Other areas of Illinois, Iowa, Kansas, Nebraska and Colorado saw more than a foot of snow during the weekend.
Kentucky weather officials are warning of possible black ice on roads Monday morning. A Delta plane landing at Cincinnati/Northern Kentucky International Airport in Kentucky Sunday slid off the runway as it was taxiing toward a terminal, and photos of the scene showed the runway covered in several inches of wet snow.
In North Carolina, Governor Roy Cooper declared a state of emergency in all of the state's 100 counties, after snow and ice left nearly 100,000 without power Sunday night.
"Though the worst of the storm is over, conditions are still hazardous in areas that saw snow and ice," Cooper said. "If you are without power, please be careful if you are using alternative heat sources."
Nearly 1,000 emergency management officials in the state are clearing ice off the roads and have laid more than 4,600 tons of salt and sand mix and 188,000 gallons of salt brine.

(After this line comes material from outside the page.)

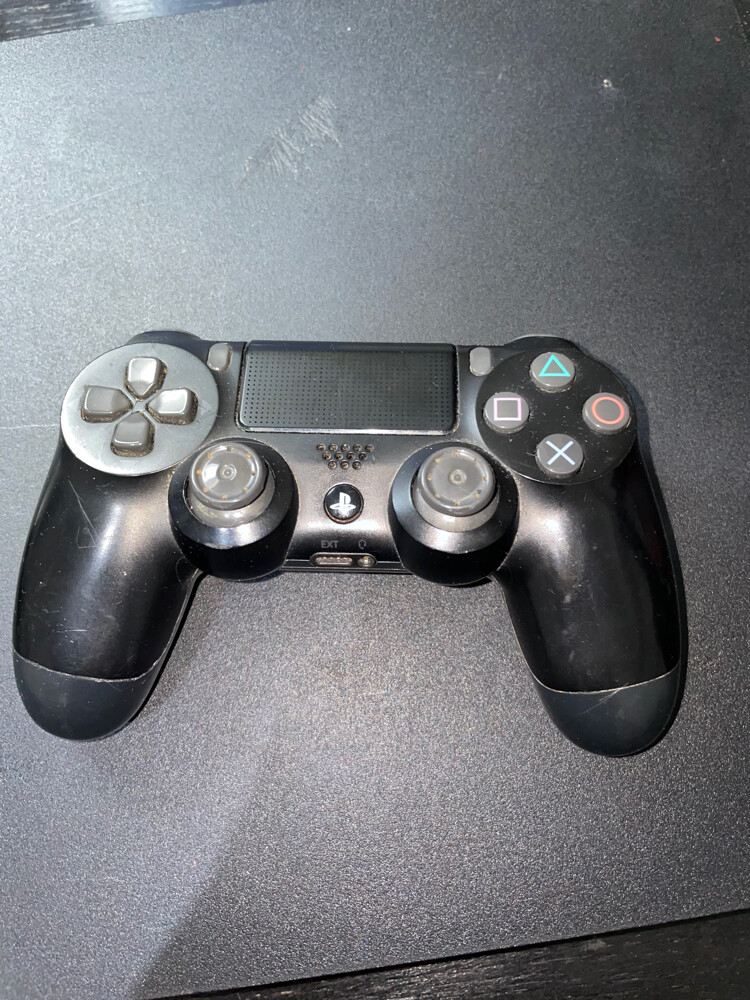 playstation 4 pro + 1 game - 3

Heavy storms on the West coast
Mountainous areas in California also saw up to 12 inches of snow, and officials reported sleet at elevations higher than 5,000 feet, warning of dangerous driving conditions.
Rain and snow will continue through Tuesday in parts of the state and snow will start to develop over the Southern Sierras late Monday.
Sacramento will face the brunt of the storm Wednesday with up to 2 feet of snow in elevations above 5,000 feet. Showers will continue through Friday.